*ASSIGNED TASK*: Output every entry exactly, from the first line to the last.

▬▬▬▬▬▬▬▬▬▬

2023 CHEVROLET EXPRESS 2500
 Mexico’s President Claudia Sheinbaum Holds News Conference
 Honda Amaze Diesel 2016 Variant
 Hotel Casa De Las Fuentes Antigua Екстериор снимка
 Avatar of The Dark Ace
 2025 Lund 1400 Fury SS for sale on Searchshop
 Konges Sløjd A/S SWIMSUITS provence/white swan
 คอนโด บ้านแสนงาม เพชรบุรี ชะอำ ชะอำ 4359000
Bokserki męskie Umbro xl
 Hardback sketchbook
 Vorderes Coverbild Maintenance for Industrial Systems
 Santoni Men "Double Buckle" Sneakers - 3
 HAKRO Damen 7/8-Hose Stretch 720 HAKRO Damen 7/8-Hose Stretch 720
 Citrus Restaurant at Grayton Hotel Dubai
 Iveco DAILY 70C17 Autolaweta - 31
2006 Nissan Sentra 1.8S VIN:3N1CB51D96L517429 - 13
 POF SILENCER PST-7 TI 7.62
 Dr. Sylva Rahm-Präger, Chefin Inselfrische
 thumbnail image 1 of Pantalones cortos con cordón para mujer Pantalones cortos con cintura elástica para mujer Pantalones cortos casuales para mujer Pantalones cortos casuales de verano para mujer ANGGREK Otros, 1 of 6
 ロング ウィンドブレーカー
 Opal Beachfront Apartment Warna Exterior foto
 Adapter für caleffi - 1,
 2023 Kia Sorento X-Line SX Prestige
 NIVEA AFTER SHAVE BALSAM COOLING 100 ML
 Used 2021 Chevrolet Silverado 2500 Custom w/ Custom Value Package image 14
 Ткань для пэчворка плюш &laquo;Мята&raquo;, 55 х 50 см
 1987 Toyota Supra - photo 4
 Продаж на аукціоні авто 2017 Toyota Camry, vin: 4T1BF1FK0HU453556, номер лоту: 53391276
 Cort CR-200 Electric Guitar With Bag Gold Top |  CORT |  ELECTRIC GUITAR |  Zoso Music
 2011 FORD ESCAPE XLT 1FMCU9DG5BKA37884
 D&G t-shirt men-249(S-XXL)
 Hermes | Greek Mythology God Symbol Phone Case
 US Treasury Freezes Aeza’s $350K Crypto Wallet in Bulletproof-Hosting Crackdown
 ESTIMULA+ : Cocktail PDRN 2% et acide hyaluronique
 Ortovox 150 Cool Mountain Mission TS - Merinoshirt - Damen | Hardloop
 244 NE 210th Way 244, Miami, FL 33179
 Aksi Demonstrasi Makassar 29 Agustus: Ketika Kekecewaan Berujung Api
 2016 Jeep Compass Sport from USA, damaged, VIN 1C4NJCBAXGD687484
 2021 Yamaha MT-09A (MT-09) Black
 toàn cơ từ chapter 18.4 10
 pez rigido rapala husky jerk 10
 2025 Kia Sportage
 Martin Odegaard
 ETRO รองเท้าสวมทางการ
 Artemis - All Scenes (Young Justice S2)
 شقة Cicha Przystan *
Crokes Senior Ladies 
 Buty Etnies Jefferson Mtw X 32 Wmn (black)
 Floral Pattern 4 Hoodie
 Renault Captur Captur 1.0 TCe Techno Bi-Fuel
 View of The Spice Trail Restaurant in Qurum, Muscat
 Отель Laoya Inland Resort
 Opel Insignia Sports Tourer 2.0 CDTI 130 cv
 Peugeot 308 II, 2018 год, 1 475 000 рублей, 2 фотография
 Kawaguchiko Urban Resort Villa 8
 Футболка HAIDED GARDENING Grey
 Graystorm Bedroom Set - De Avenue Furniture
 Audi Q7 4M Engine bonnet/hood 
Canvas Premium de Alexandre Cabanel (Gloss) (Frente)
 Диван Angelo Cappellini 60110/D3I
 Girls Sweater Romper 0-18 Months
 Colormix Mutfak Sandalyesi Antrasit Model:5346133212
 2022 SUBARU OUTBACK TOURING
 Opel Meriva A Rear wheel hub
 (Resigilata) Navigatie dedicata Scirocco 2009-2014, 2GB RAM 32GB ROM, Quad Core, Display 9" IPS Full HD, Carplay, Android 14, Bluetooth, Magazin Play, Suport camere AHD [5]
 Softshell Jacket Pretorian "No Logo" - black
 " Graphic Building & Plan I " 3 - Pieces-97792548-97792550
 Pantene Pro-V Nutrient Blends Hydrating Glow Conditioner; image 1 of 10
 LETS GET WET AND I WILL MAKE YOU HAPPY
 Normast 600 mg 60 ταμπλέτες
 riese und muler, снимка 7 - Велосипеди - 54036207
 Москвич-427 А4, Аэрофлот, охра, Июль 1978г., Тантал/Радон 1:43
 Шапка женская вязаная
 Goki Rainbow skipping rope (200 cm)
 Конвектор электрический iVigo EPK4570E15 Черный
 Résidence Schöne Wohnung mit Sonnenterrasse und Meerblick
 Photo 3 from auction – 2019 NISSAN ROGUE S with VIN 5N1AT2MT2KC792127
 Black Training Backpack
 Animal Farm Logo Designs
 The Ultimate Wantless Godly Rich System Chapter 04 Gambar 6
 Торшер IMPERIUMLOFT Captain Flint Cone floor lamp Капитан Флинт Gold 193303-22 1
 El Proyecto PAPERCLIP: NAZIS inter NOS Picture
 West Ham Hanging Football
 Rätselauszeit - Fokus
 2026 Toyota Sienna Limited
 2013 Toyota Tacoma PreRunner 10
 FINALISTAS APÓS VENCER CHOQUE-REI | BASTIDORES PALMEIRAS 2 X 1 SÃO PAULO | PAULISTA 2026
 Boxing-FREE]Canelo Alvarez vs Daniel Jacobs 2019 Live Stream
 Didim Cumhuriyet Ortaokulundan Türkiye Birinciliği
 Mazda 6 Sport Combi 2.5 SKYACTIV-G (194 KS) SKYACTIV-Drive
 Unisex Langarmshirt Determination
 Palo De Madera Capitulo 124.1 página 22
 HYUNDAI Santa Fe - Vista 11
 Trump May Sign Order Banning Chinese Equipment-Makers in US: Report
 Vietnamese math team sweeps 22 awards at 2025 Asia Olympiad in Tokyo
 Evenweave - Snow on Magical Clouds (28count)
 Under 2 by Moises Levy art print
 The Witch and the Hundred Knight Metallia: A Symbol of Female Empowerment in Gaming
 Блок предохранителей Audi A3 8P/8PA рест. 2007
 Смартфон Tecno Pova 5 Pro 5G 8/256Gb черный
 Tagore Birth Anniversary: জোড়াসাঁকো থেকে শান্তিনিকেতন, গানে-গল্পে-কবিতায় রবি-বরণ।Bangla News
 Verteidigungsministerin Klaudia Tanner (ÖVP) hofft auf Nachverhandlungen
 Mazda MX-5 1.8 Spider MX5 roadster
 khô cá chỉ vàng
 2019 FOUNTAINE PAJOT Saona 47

▬▬▬▬▬▬▬▬▬▬

*WRITTEN RESPONSE*:
2023 CHEVROLET EXPRESS 2500
 Mexico’s President Claudia Sheinbaum Holds News Conference
 Honda Amaze Diesel 2016 Variant
 Hotel Casa De Las Fuentes Antigua Екстериор снимка
 Avatar of The Dark Ace
 2025 Lund 1400 Fury SS for sale on Searchshop
 Konges Sløjd A/S SWIMSUITS provence/white swan
 คอนโด บ้านแสนงาม เพชรบุรี ชะอำ ชะอำ 4359000
Bokserki męskie Umbro xl
 Hardback sketchbook
 Vorderes Coverbild Maintenance for Industrial Systems
 Santoni Men "Double Buckle" Sneakers - 3
 HAKRO Damen 7/8-Hose Stretch 720 HAKRO Damen 7/8-Hose Stretch 720
 Citrus Restaurant at Grayton Hotel Dubai
 Iveco DAILY 70C17 Autolaweta - 31
2006 Nissan Sentra 1.8S VIN:3N1CB51D96L517429 - 13
 POF SILENCER PST-7 TI 7.62
 Dr. Sylva Rahm-Präger, Chefin Inselfrische
 thumbnail image 1 of Pantalones cortos con cordón para mujer Pantalones cortos con cintura elástica para mujer Pantalones cortos casuales para mujer Pantalones cortos casuales de verano para mujer ANGGREK Otros, 1 of 6
 ロング ウィンドブレーカー
 Opal Beachfront Apartment Warna Exterior foto
 Adapter für caleffi - 1,
 2023 Kia Sorento X-Line SX Prestige
 NIVEA AFTER SHAVE BALSAM COOLING 100 ML
 Used 2021 Chevrolet Silverado 2500 Custom w/ Custom Value Package image 14
 Ткань для пэчворка плюш &laquo;Мята&raquo;, 55 х 50 см
 1987 Toyota Supra - photo 4
 Продаж на аукціоні авто 2017 Toyota Camry, vin: 4T1BF1FK0HU453556, номер лоту: 53391276
 Cort CR-200 Electric Guitar With Bag Gold Top |  CORT |  ELECTRIC GUITAR |  Zoso Music
 2011 FORD ESCAPE XLT 1FMCU9DG5BKA37884
 D&G t-shirt men-249(S-XXL)
 Hermes | Greek Mythology God Symbol Phone Case
 US Treasury Freezes Aeza’s $350K Crypto Wallet in Bulletproof-Hosting Crackdown
 ESTIMULA+ : Cocktail PDRN 2% et acide hyaluronique
 Ortovox 150 Cool Mountain Mission TS - Merinoshirt - Damen | Hardloop
 244 NE 210th Way 244, Miami, FL 33179
 Aksi Demonstrasi Makassar 29 Agustus: Ketika Kekecewaan Berujung Api
 2016 Jeep Compass Sport from USA, damaged, VIN 1C4NJCBAXGD687484
 2021 Yamaha MT-09A (MT-09) Black
 toàn cơ từ chapter 18.4 10
 pez rigido rapala husky jerk 10
 2025 Kia Sportage
 Martin Odegaard
 ETRO รองเท้าสวมทางการ
 Artemis - All Scenes (Young Justice S2)
 شقة Cicha Przystan *
Crokes Senior Ladies 
 Buty Etnies Jefferson Mtw X 32 Wmn (black)
 Floral Pattern 4 Hoodie
 Renault Captur Captur 1.0 TCe Techno Bi-Fuel
 View of The Spice Trail Restaurant in Qurum, Muscat
 Отель Laoya Inland Resort
 Opel Insignia Sports Tourer 2.0 CDTI 130 cv
 Peugeot 308 II, 2018 год, 1 475 000 рублей, 2 фотография
 Kawaguchiko Urban Resort Villa 8
 Футболка HAIDED GARDENING Grey
 Graystorm Bedroom Set - De Avenue Furniture
 Audi Q7 4M Engine bonnet/hood 
Canvas Premium de Alexandre Cabanel (Gloss) (Frente)
 Диван Angelo Cappellini 60110/D3I
 Girls Sweater Romper 0-18 Months
 Colormix Mutfak Sandalyesi Antrasit Model:5346133212
 2022 SUBARU OUTBACK TOURING
 Opel Meriva A Rear wheel hub
 (Resigilata) Navigatie dedicata Scirocco 2009-2014, 2GB RAM 32GB ROM, Quad Core, Display 9" IPS Full HD, Carplay, Android 14, Bluetooth, Magazin Play, Suport camere AHD [5]
 Softshell Jacket Pretorian "No Logo" - black
 " Graphic Building & Plan I " 3 - Pieces-97792548-97792550
 Pantene Pro-V Nutrient Blends Hydrating Glow Conditioner; image 1 of 10
 LETS GET WET AND I WILL MAKE YOU HAPPY
 Normast 600 mg 60 ταμπλέτες
 riese und muler, снимка 7 - Велосипеди - 54036207
 Москвич-427 А4, Аэрофлот, охра, Июль 1978г., Тантал/Радон 1:43
 Шапка женская вязаная
 Goki Rainbow skipping rope (200 cm)
 Конвектор электрический iVigo EPK4570E15 Черный
 Résidence Schöne Wohnung mit Sonnenterrasse und Meerblick
 Photo 3 from auction – 2019 NISSAN ROGUE S with VIN 5N1AT2MT2KC792127
 Black Training Backpack
 Animal Farm Logo Designs
 The Ultimate Wantless Godly Rich System Chapter 04 Gambar 6
 Торшер IMPERIUMLOFT Captain Flint Cone floor lamp Капитан Флинт Gold 193303-22 1
 El Proyecto PAPERCLIP: NAZIS inter NOS Picture
 West Ham Hanging Football
 Rätselauszeit - Fokus
 2026 Toyota Sienna Limited
 2013 Toyota Tacoma PreRunner 10
 FINALISTAS APÓS VENCER CHOQUE-REI | BASTIDORES PALMEIRAS 2 X 1 SÃO PAULO | PAULISTA 2026
 Boxing-FREE]Canelo Alvarez vs Daniel Jacobs 2019 Live Stream
 Didim Cumhuriyet Ortaokulundan Türkiye Birinciliği
 Mazda 6 Sport Combi 2.5 SKYACTIV-G (194 KS) SKYACTIV-Drive
 Unisex Langarmshirt Determination
 Palo De Madera Capitulo 124.1 página 22
 HYUNDAI Santa Fe - Vista 11
 Trump May Sign Order Banning Chinese Equipment-Makers in US: Report
 Vietnamese math team sweeps 22 awards at 2025 Asia Olympiad in Tokyo
 Evenweave - Snow on Magical Clouds (28count)
 Under 2 by Moises Levy art print
 The Witch and the Hundred Knight Metallia: A Symbol of Female Empowerment in Gaming
 Блок предохранителей Audi A3 8P/8PA рест. 2007
 Смартфон Tecno Pova 5 Pro 5G 8/256Gb черный
 Tagore Birth Anniversary: জোড়াসাঁকো থেকে শান্তিনিকেতন, গানে-গল্পে-কবিতায় রবি-বরণ।Bangla News
 Verteidigungsministerin Klaudia Tanner (ÖVP) hofft auf Nachverhandlungen
 Mazda MX-5 1.8 Spider MX5 roadster
 khô cá chỉ vàng
 2019 FOUNTAINE PAJOT Saona 47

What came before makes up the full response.